The response must reproduce exactly every line of the material below holding the word "Insulated".

Material for the task ▸
⁂

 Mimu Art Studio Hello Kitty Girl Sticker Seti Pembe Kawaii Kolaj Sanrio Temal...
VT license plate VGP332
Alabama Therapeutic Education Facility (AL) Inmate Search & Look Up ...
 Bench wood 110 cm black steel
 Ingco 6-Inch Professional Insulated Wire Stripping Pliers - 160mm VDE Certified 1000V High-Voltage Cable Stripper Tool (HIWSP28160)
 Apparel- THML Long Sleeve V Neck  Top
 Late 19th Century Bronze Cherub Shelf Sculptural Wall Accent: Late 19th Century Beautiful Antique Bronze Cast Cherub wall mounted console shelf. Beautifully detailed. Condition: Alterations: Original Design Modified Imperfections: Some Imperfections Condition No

⁂

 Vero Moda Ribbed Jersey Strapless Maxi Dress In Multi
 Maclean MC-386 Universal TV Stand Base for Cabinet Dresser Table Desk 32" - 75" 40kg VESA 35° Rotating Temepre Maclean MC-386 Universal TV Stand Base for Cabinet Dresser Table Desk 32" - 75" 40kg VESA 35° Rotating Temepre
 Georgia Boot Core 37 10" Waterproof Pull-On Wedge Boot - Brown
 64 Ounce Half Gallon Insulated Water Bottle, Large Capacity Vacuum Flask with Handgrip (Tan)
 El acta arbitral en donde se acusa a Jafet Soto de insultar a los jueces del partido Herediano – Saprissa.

⁂

Task answer ▸
 Ingco 6-Inch Professional Insulated Wire Stripping Pliers - 160mm VDE Certified 1000V High-Voltage Cable Stripper Tool (HIWSP28160)
 64 Ounce Half Gallon Insulated Water Bottle, Large Capacity Vacuum Flask with Handgrip (Tan)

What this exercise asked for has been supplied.